So, programming is the opposite of applying recipes, if there is a well defined recipe, that's for the machine, not for the human. If programming is not an at least a little bit of an art form, it means the programmer is doing the job of the computer, which is a waste of valuable human time on something the machine can do better.
I'm somewhere in the middle. I see software development as an art form, however it's not disconnected from its solid scientific roots.
Sometimes, the art part is for fun (i.e.: your weekend project), sometimes it's for pushing systems to the limit (i.e.: scientific programming, demoscene, or where performance is really needed).
In my case, the art is exploiting the hardware or the theory in a way that it works smoothly and very performant for the cases you have.

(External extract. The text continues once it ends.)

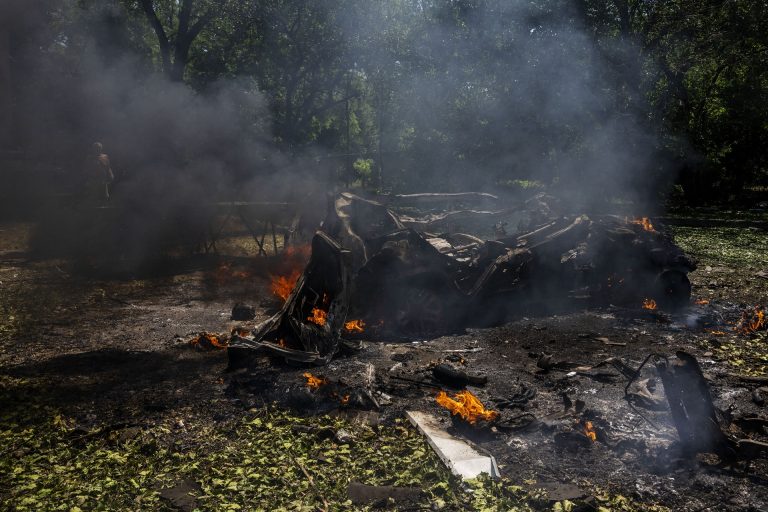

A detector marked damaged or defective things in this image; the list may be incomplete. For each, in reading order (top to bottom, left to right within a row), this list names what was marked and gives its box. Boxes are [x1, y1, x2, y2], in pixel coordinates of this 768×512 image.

destroyed vehicle [228, 191, 696, 364]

This doesn't mean the deadlines doesn't matter, and explicit, slow, but very robust code doesn't have its place. On the contrary, it has many places. We need to make the correct trade-offs to get our job done the best way possible.
On the mentoring side, training people is hard, because of both parties. Low ego, open mindedness and being open to being wrong is very important. I try to mentor some people around me, and I encourage them to go further than I did. Lastly, I find passing the "old way" to new generations very valuable. While these old ways are inevitably lower level and less hip, they're tried, stood the test of the time, and generally performant enough (or very performant in some cases).
Just a side note, your idea of art is a bit naive. Take for example the work done by Christo and Jeanne-Claude, citing wikipedia:
> Their work was typically large, visually impressive, and controversial, often taking years and sometimes decades of careful preparation – including technical solutions, political negotiation, permitting and environmental approval, hearings and public persuasion.
I pity the developer (or maybe manager) at Microsoft who wrote the GitHub comment on which this article's title is based. (And no, I never met him when I was at Microsoft.) If he's in the Seattle area, he's likely not even awake yet, but when he is, I expect he's going to have a bad day. Assuming he's not already sick of the Windows Terminal versus refterm drama, it would be interesting to read his perspective.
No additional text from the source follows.